Download a printable version of this tutorial in PDF format.

Resistance to change

The natural and normal reaction to change is resistance.  Every individual has a threshold for how much change they can absorb; however, the number one reason front line employees resist change often surprises many project teams. 

The 2005 Best Practices Report identifies the top five reasons front line employees resist change as:

  1. Employees were not aware of the underlying business need for change.

  2. Lay-offs were announced or feared as part of the change.

  3. Employees were unsure if they had the needed skills for success in the future state.

  4. Individuals were comfortable with the current state; they wanted to maintain the personal rewards and sense of accomplishment and fulfillment provided by the status quo.

  5. Employees felt they were being required to do more with less, or do more for the same pay.

Providing the needed information to increase employees' awareness of the business need for change is the first and most important proactive step in successful resistance management.


Proactive and reactive resistance management

Managing resistance during any business change should include both proactive planning and reactive interventions.  All too often, teams rely exclusively on reactive measures when resistance has already resulted in productivity loss and wasted time and resources.

Proactive resistance management involves systematically identifying where resistance might come from and what it might look like.  The team identifies critical gaps and possible points of resistance, and addresses them before they even emerge.  Proactive resistance management requires planning by the team and intervention from sponsors, managers and supervisors.

Reactive resistance management is in response to specific points of resistance.  In the reactive situation, the team must listen to employees and identify the source of the resistance.  Specific action steps should be developed, communicated and implemented. 


Resistance management plan

A resistance management plan is a proactive approach to managing resistance.  During the first phase of your change management plan it is important to identify potential resistance points.  As your project implementation progresses, additional areas of resistance may surface.  Below are the four action steps to creating your resistance management plan:

  1. Define what resistance may look like for your change and how it may be identified.

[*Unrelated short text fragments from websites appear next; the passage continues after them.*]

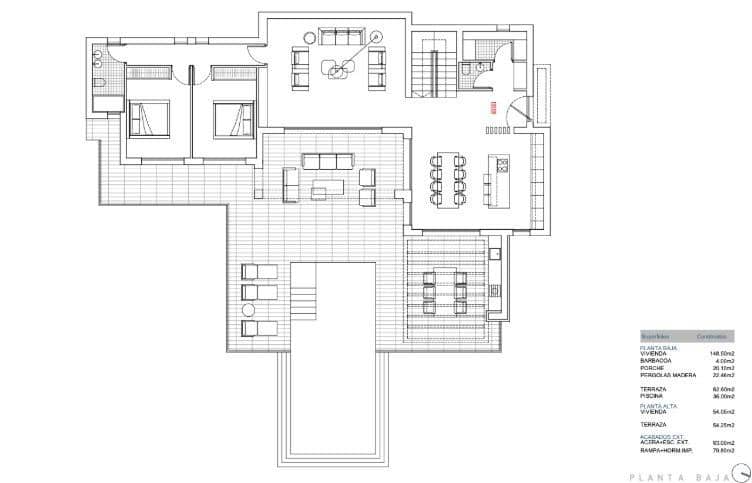 Chalet de 3 habitaciones en Benissa en venta con piscina - 1.750.000 € (Ref: 9627513)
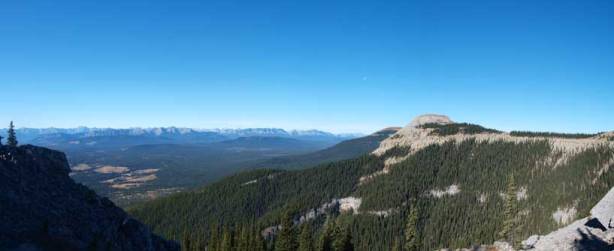 Finally got a good view of our objective (right)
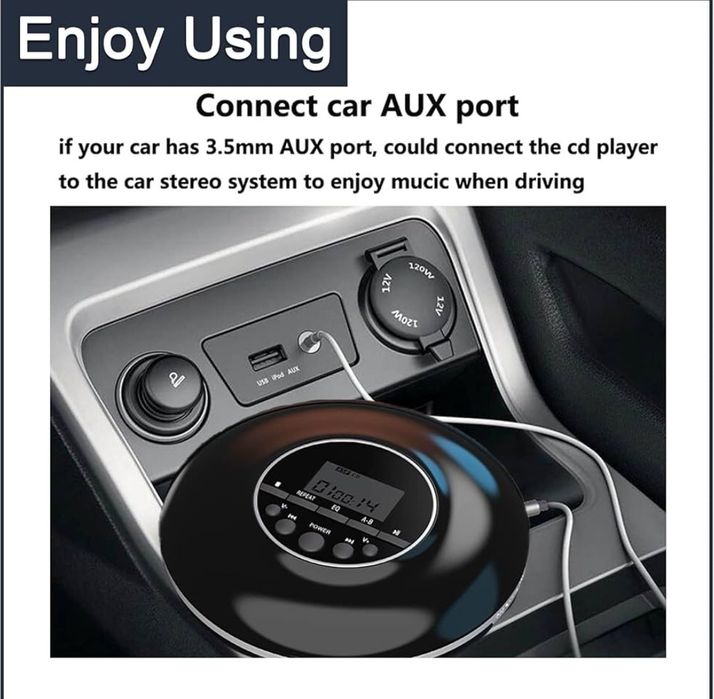 Odtwarzacz CD przenośny, nowy, MP3, WMA, CD-R, CD-RW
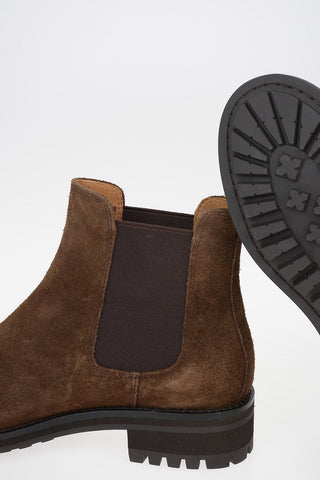 POLO Suede Pull On Ankle Boots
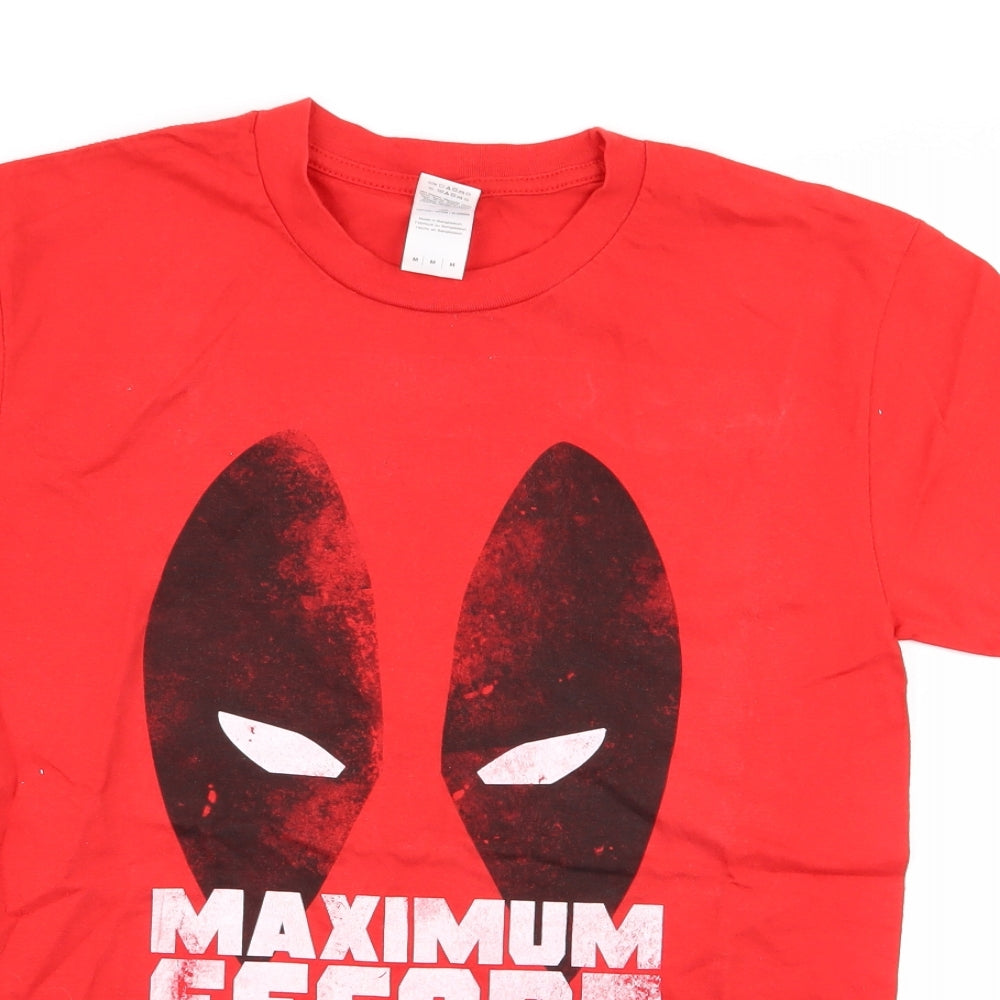 Gildan Mens Red    T-Shirt Size M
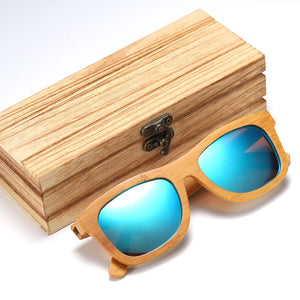 GM Brand Design Polarized Wooden Sunglasses Handmade Natural Bamboo Frame Eyewear S1725
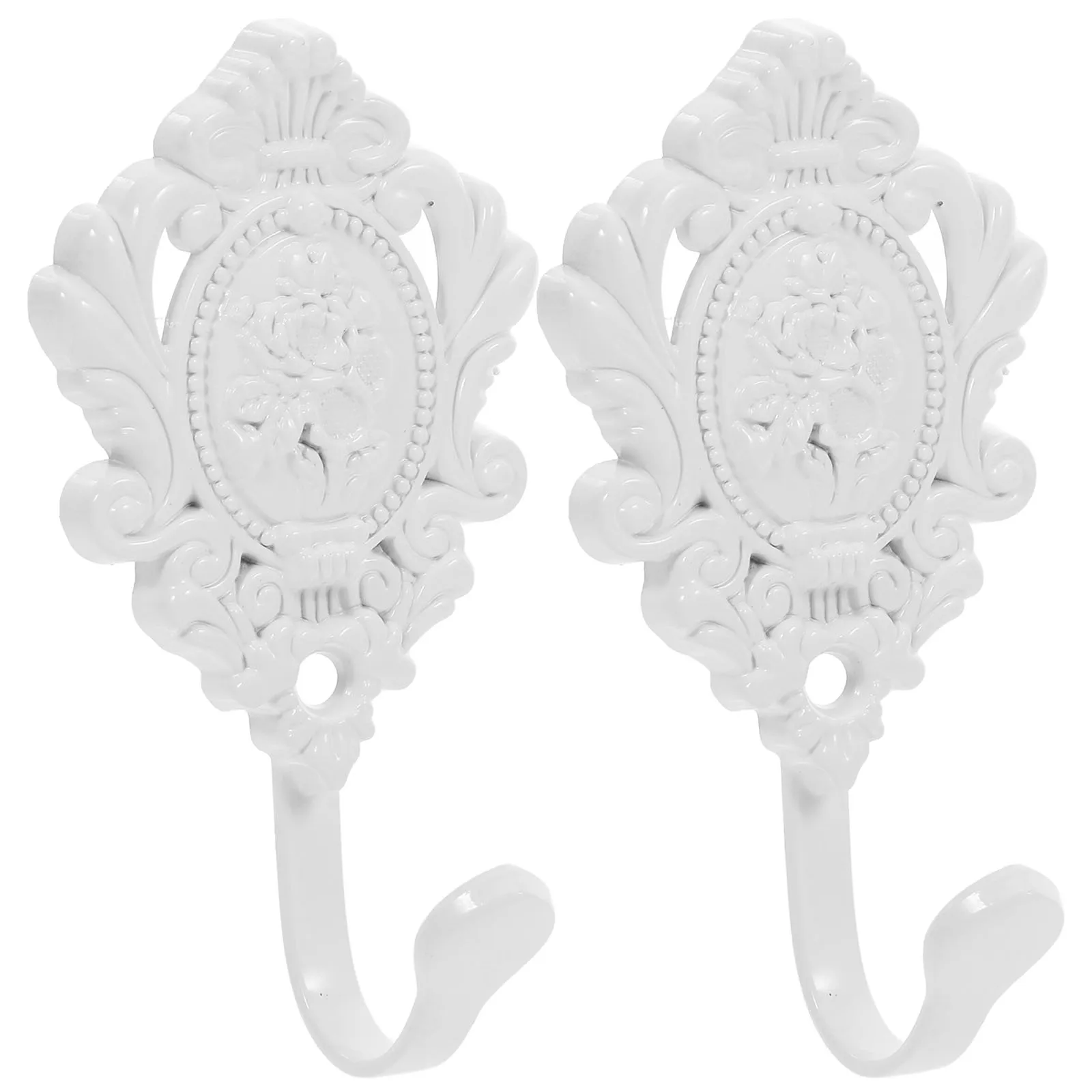 

2pcs Zinc Alloy Curtain Holdbacks Vintage Metal Wall Hooks For Living Room Bedroom, Curtain Side Holders Tieback Drapery Decor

    • Brainstorm with the change management team and project team

    • Brainstorm with the stakeholders and sponsors

  2. For each level with the impacted organization, define a strategy for managing resistance to the change and prepare job aides.  Refer to the resistance management process (this will be provided in the next tutorial or can be found in the Change Management Pilot).  In most cases resistance is best managed by the direct supervisor or highest level manager in the chain of command for that employee.

    • Managing resistance is not the sole responsibility of the change management team or change management lead

    • Be sure to include a strategy for those impacted audiences such as internal and external customers

    • Your strategy should include the WIIFM (what's in it for me) for each level

  3. Prepare and review the resistance management approach with the primary sponsor.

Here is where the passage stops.